Eine Möglichkeit ist, bei der EURO 2008 als Volunteer zu arbeiten.

Häufig gestellte Fragen zum Volunteer-Programm

Wie kann ich mich als Volunteer für die UEFA EURO 2008 bewerben?
Bewerbungen sind mit dem offiziellen Online-Formular ausschliesslich über das Internet einzureichen. Bewerbungen, die auf einem anderen Weg bei uns eingehen, können leider nicht berücksichtigt werden.

Wann kann ich mich bewerben?
Es gibt zwei Bewerbungsphasen. Die erste dauert vom 27. Juli bis Mitte November 2007, die zweite Phase vom 3. Dezember 2007 bis Ende Februar 2008. Für sämtliche Bewerbungen ist das offizielle Formular auf www.euro2008.com zu verwenden.

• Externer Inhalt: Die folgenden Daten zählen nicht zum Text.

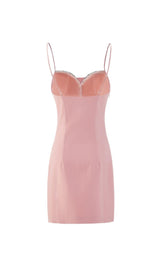 SATIN PEARL MINI DRESS IN PINK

Macht es einen Unterschied wann ich mich bewerbe?
Nein. Es kommt nicht darauf an, zu welchem Zeitpunkt oder in welcher Bewerbungsphase Sie sich als Volunteer für die UEFA EURO 2008 bewerben. Jede Bewerbung hat die gleiche Chance, sofern sie mit dem offiziellen Bewerbungsformular über das Internet eingereicht wird.

Ich wohne weder in Österreich noch in der Schweiz. Kann ich mich dennoch bewerben?
Absolut. Wir freuen uns über Bewerbungen aus aller Welt. Allerdings sind alle Volunteers sowohl während des Job-Trainings, das im Vorfeld des Events an 1-2 Tagen am jeweiligen Einsatzort stattfinden wird, als auch während des Turniers für ihre Unterkunft selbst verantwortlich.

Wie alt muss ich sein, um mich für das Volunteer-Programm der UEFA EURO 2008™ bewerben zu können?
Jede Person, die am 1. Juni 2008 18 Jahre oder älter ist, kann sich bewerben.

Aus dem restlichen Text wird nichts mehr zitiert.